Our girls DMR team of Triya Roy, Bianca Young, Anjali Thontakudi and Sarah Feng joined a crowded field of some of the best distance programs on the West Coast, including Santa Cruz and Mari Friedman, Great Oak, Oak Ridge and the Denner twins, and St. Francis of Sacramento and Sydney Vandergriff, and others. Our girls got out hard and fought well and finished with a solid 14th place between Menlo-Atherton and Long Beach.
Monta Vista’s second team was the boys’ 4x400m relay of Eliot Lubomirsky, Peter Heydinger, Justin Lin and Jason Tsujimoto. This group has a tough act to follow after the CCS podium squad from 2017, yet our boys were less than two seconds off of last year’s performance at Stanford. We certainly have something to build upon after our 3:35 clocking on Saturday!

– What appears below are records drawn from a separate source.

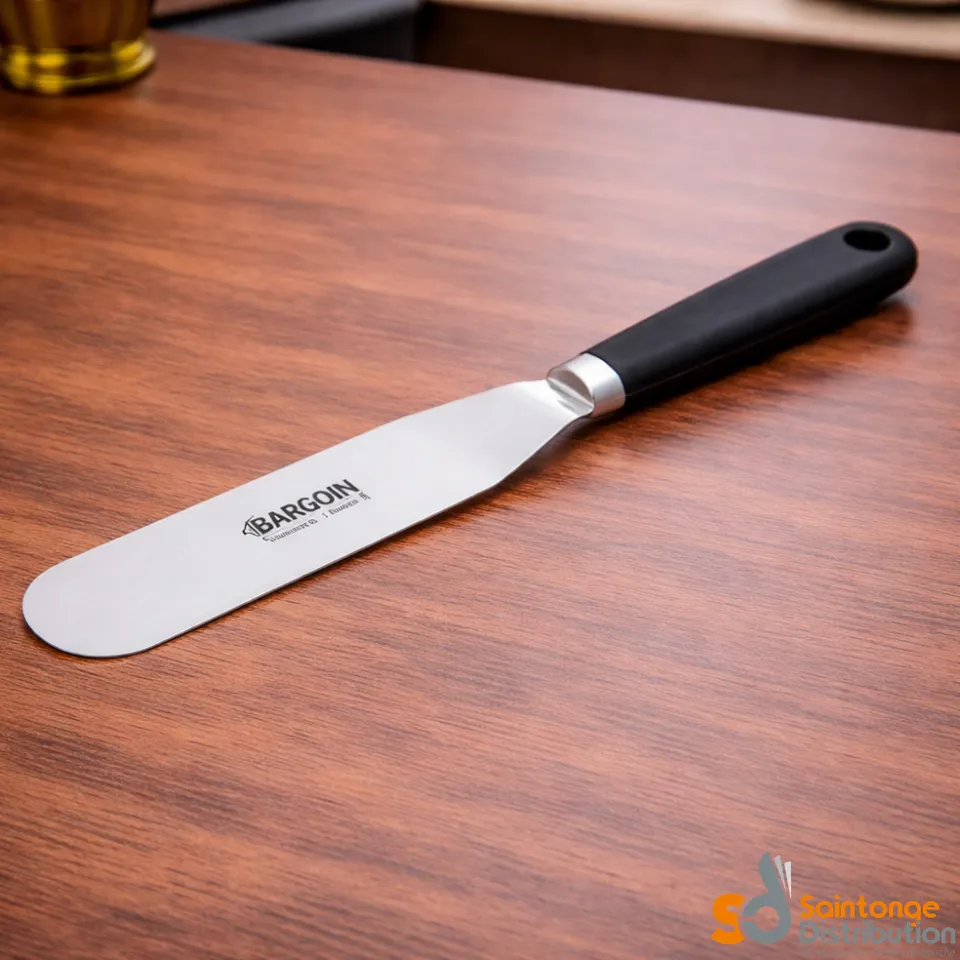 Fischer Bargoin spatule pâtissière droite inox polyvalente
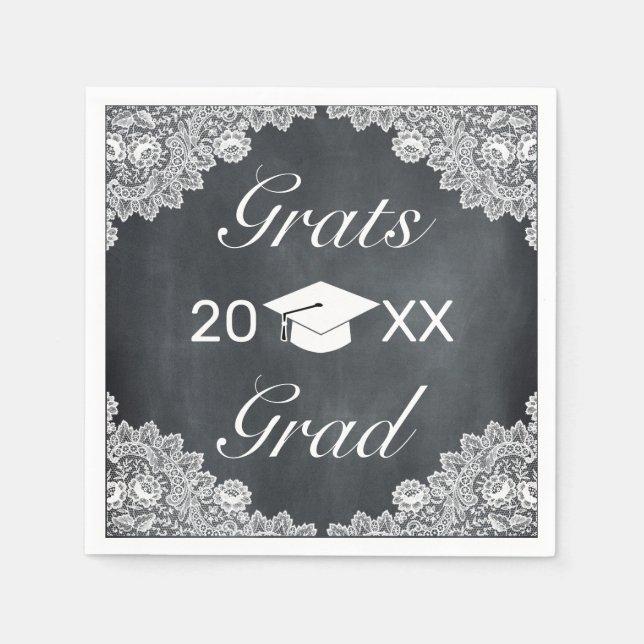 Servilleta De Papel Gorra de Gorra de Graduación de Graduación de los  (Anverso)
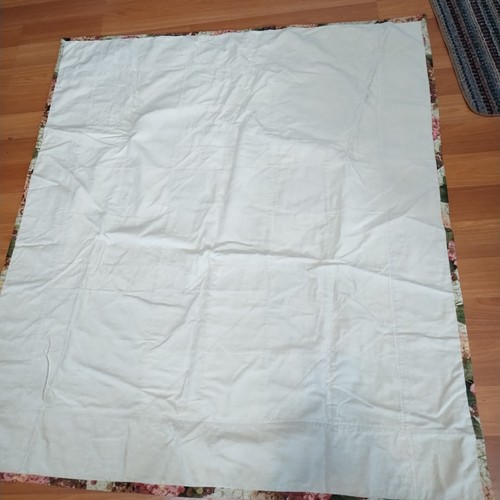 Machine Sewn Quilt Handmade Throw Floral Pinks Green Hydrangea 53x46 Light New - Picture 5 of 13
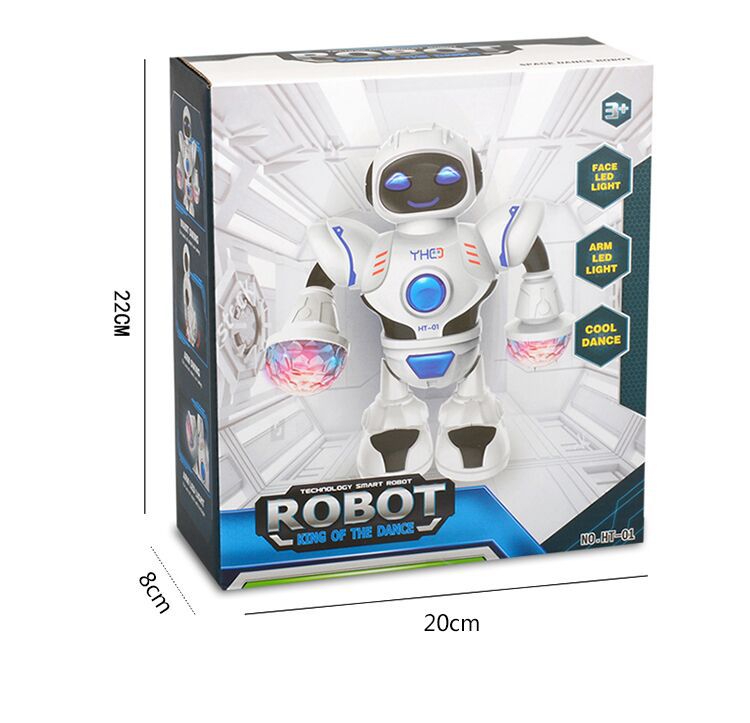 跨境儿童电动机器人 LED灯光音乐炫舞太空机器人玩具详情12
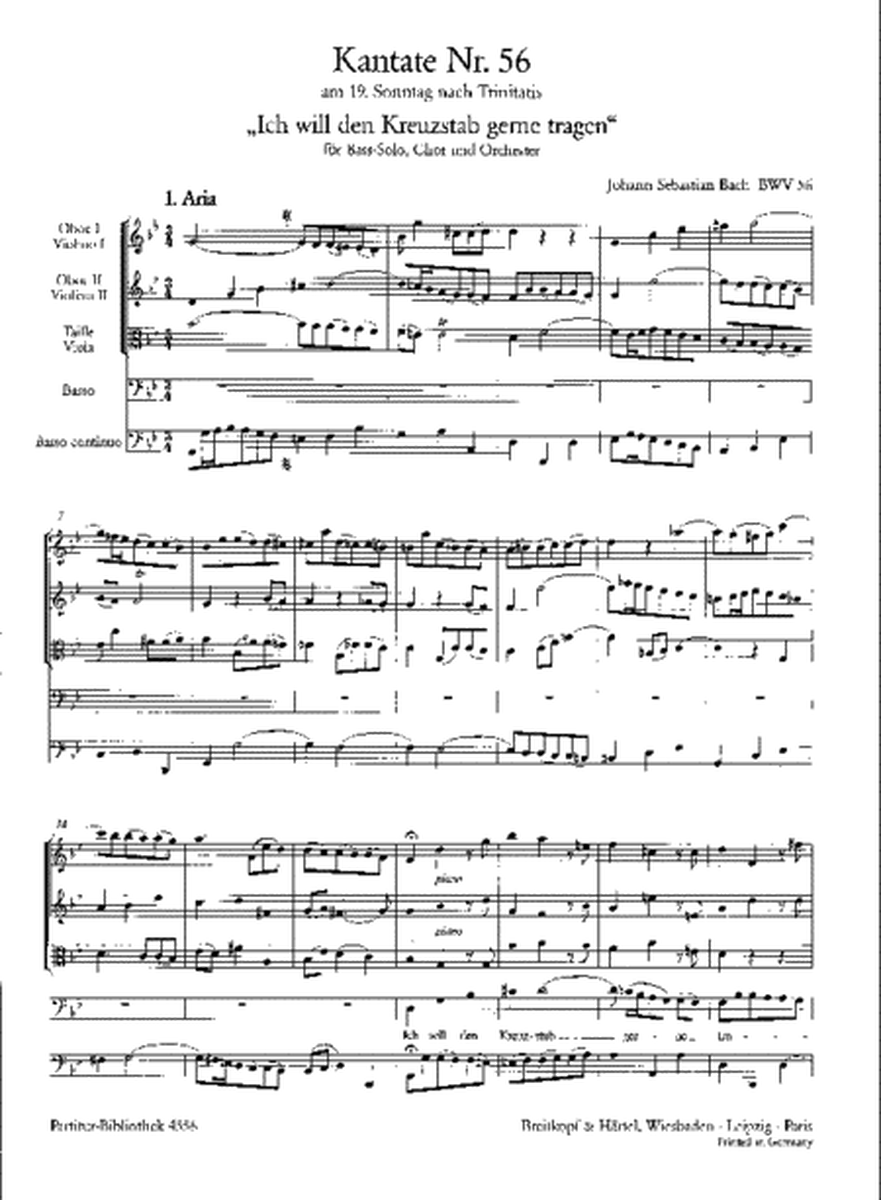 Cantata BWV 56 "I with my cross-staff gladly wander"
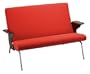 Adesso Paramount Loveseat, Tomato Red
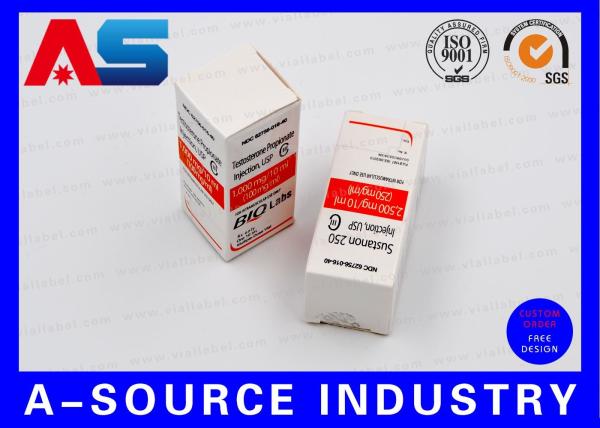 vial box packaging Biolab Security Carton Bottle Box 10ml Vial Boxes Embossed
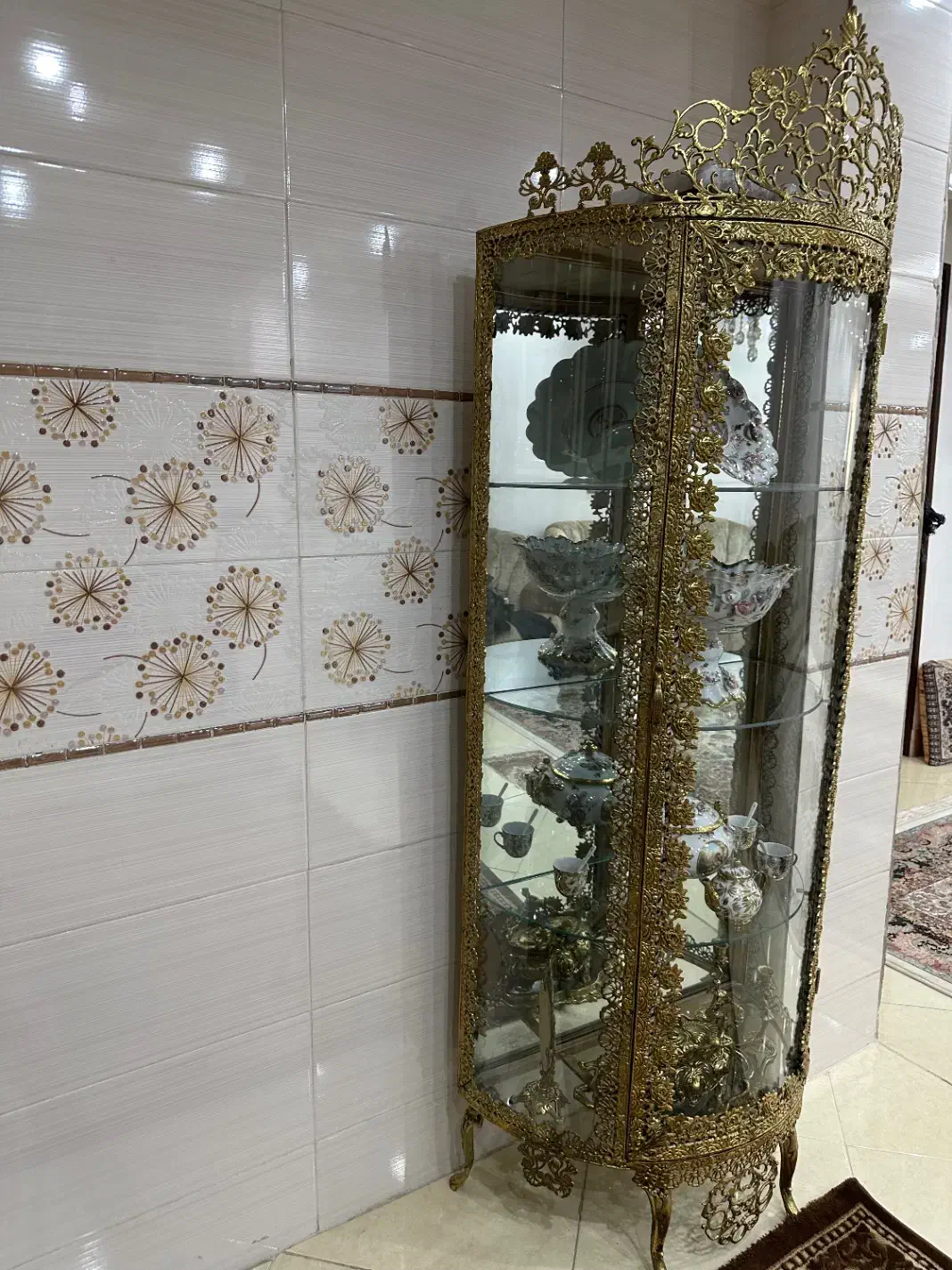 بوفه برنزی|بوفه، ویترین، کنسول|ساری, |دیوار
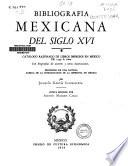 Bibliografía mexicana del siglo XVI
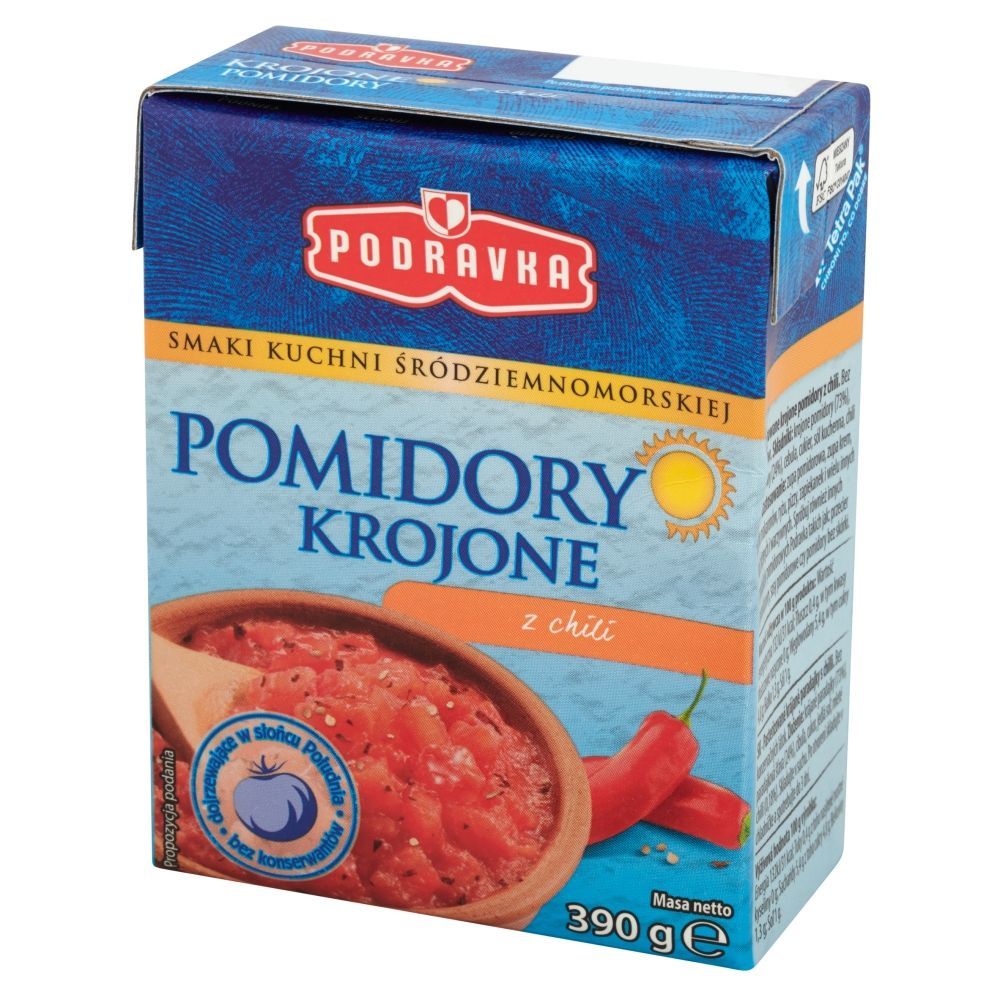 Podravka Pomidory krojone z chili 390 g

We don’t have to walk into every competition thinking ‘we could win this thing’ in order to do well. Like the Olympics, sometimes the essential thing is to truly take part–not just go through the motions, but put our hearts into the effort to do our best. The essential thing is the struggle, in all our lives. We don’t need to walk into every class thinking ‘I need to get the best grade of anyone in this class’, it’s usually going to be more productive (and less stressful) if our approach is ‘I want to learn a lot in this class’ or ‘I want to give my best effort here’ or ‘I wonder what I’m going to learn this semester?’ If we are accepted to Harvard, we don’t need to go to Harvard thinking ‘I am going to be the most brilliant student here’. What we could be doing is thinking, ‘I wonder what this experience is going to be like? I can’t wait to find out!’ or ‘What can I learn from this experience, what can I take from this experience, how can I get the most out of this experience?’. Most of the time, if we give our best effort, we will get something valuable back that we did not expect. I saw that from MVTF18 once again this weekend at Stanford.
Complete results are posted and there are photos of the entire event (not only Monta Vista athletes) posted here.
Monta Vista DMR team chatting with Emma Seyer, MVTF/MVXC 2014 and current member of the UC Berkeley track & field team. The next day, Emma won the women’s collegiate hammer throw competition while setting a new personal record.